Canadian writer (born 1955)

Don Aker (born 1955) is a Canadian writer and educator from Nova Scotia. His books won the Ann Connor Brimer Award in 1996 and 2004.

==Biography==
Aker was born in 1955 in Windsor, Nova Scotia. He graduated from Acadia University with a Bachelor of Arts in 1975, a Bachelor of Education in 1977, and a Master of Education in 1991. Aker worked as a schoolteacher for 33 years, teaching English and creative writing at various levels.

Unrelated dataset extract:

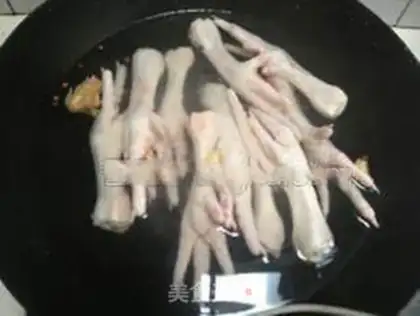 Make Curry chicken claws step 0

His writing career began after attending a writing workshop at Martha's Vineyard in Massachusetts in 1988. His first short story, The Invitation, was published in 1990 and has been included in three anthologies. The story was later adapted into a screenplay, with $10,000 in funding provided by Telefilm Canada for its production. Aker's first novel, Of Things Not Seen, was published in 1995 and won the Ann Connor Brimer Award for Young Adult Literature in 1996. He received the same award again in 2004 for his novel The First Stone.

==Publications==
- Aker, Don (1995). "Of Things Not Seen"
- Aker, Don (1997). "Stranger at Bay"
- Aker, Don (2003). "The First Stone"
- Aker, Don (2005). "One on One"
- Aker, Don (2009). "The Space Between"
- Aker, Don (2011). "The Fifth Rule"
- Aker, Don (2014). "Running on Empty"
- Aker, Don (2015). "Delusion Road"
- Aker, Don (2015). "Brothers in Arms: The Siege of Louisbourg"
- Aker, Don (2015). "Always Even"
- Aker, Don (2017). "Scars and Other Stories"

==Recognition==
- 1989: Winner of WFNS Atlantic Writing Competition
- 1990: Winner of WFNS Atlantic Writing Competition
- 1990: Winner of Canadian Livings National Literary Competition
- 1996: Ann Connor Brimer Award for Of Things Not Seen
- 2004: Ann Connor Brimer Award for The First Stone
- 2017: The First Stone is listed among 150 Books of Influence by the Nova Scotia Library Association.